In fact, the window after you are offered the job and before you sign the employment contract to take the job is usually the best time to go “back and forth” with your employer to make sure the terms and conditions in your proposed employment contract are as favorable to you as possible. Once you sign your employment contract and begin working, that window has closed and your employer has very little incentive to revise or add anything to your contract.
Your proposed employment contract should be reviewed to make sure it protects you and includes everything you need or want to be included. To the extent there are ambiguous terms, take the time to seek clarification. And make sure that what you have been promised orally or in some other writing that is not in your employment contract goes in your employment contract. Do not be pressured into signing an employment contract by an arbitrary deadline. If they want you on their team, they can and they will wait a couple of extra days for you to get your employment contract right.
Even on those provisions you cannot change, a good attorney review will give you actionable information for the future. What provisions in your employment contract are illegal and therefore not enforceable against you? What provisions are unfavorable or unfair to you? What matters important to you are missing? Answers to questions like these will give you clarity and help you decide whether to take the job or not. They also will let you know what you can and cannot do if you do take the job.

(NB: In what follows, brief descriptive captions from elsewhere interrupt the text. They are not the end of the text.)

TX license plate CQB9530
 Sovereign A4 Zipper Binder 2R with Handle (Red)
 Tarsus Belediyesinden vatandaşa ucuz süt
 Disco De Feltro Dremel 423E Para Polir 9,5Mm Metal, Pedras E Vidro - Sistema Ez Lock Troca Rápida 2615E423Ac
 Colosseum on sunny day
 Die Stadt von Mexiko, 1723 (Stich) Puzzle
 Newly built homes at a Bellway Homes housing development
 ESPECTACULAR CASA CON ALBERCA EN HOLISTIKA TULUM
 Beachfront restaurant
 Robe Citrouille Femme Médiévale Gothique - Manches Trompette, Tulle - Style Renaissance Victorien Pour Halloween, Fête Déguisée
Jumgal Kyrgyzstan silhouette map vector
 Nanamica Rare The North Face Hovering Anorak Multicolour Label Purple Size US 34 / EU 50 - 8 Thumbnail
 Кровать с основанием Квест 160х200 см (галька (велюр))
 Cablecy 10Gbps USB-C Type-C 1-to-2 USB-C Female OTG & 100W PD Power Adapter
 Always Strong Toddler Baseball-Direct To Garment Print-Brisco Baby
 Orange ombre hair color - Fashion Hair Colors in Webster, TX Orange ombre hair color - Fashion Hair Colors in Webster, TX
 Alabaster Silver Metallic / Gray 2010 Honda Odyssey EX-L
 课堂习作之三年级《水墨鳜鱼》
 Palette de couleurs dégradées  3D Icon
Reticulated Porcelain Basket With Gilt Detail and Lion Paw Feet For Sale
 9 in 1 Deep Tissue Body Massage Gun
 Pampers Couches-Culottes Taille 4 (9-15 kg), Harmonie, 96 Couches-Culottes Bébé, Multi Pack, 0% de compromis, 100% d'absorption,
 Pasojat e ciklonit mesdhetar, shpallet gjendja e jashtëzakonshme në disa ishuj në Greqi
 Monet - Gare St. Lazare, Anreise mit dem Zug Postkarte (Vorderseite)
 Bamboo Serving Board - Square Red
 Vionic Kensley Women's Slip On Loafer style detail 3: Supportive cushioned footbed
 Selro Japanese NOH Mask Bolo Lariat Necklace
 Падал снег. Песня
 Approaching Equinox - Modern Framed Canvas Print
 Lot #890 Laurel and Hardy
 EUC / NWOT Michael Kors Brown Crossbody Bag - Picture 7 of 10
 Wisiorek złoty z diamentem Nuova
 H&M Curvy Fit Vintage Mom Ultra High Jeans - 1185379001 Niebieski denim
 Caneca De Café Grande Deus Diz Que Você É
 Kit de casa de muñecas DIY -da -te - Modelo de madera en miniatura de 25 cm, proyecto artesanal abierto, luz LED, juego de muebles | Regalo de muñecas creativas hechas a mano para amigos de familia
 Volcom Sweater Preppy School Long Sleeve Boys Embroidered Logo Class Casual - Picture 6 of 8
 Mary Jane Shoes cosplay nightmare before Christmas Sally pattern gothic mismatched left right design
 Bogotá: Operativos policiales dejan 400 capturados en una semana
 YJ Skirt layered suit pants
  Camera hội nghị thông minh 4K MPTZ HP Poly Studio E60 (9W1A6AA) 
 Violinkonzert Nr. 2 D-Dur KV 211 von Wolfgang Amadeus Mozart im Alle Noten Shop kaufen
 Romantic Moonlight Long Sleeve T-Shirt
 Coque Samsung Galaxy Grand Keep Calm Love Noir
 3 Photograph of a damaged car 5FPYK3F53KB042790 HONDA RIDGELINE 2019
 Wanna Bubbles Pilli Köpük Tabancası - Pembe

But in our experience, employers are nearly always willing to make concessions to get the expat on board as an employee. Employers are often reluctant to make changes to their form contracts but far more willing to add things to it. For example, if a bonus is created just for your position, you should make sure this bonus is mentioned in your employment contract and that it specifies how much and when and under what conditions you will receive it. Far too often expats are offered a guaranteed bonus that is not mentioned anywhere in their contract.
On a related note, “yin-yang” contracts are never a good idea for either the employer or the employee. These are contracts where the employer offers the expat an employment contract the expat knows is a fake. The real deal between the employer and the expat employee is in a different document or not in writing at all. These yin-yang contracts are illegal and usually done to skirt taxes and they pretty much invariably lead to trouble. Just don’t do it.
Bottom Line: Expats looking to work in China should have their employment contracts reviewed by a China employment lawyer before they sign it, not after. This is way cheaper and way better in the long run. Trust us on this.